• Exercise
Lines to restate from the data below: from the one containing "eye patch. (07)" to the one containing "Kvalifikačný zápas Slovensko - Anglicko", both included. Give them again exactly, and only them.

• Listed records
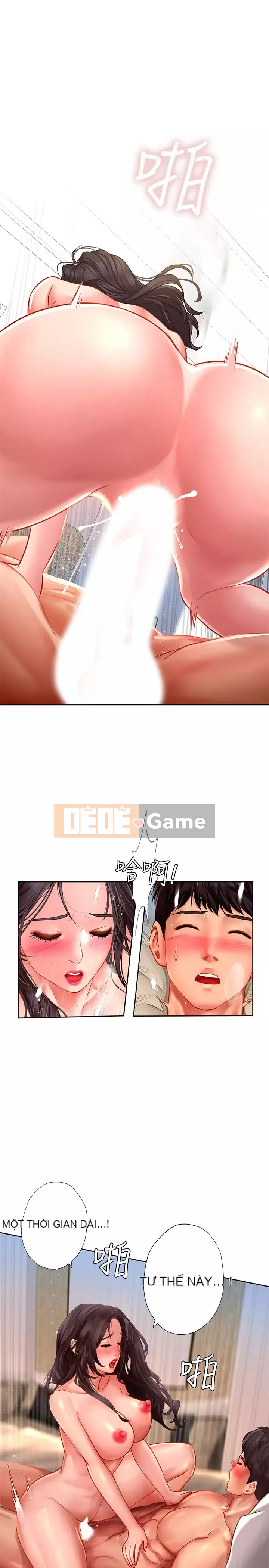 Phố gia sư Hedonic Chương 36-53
...
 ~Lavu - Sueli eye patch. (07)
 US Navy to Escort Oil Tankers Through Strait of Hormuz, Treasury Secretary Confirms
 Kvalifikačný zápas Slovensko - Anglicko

• Response to the task
 ~Lavu - Sueli eye patch. (07)
 US Navy to Escort Oil Tankers Through Strait of Hormuz, Treasury Secretary Confirms
 Kvalifikačný zápas Slovensko - Anglicko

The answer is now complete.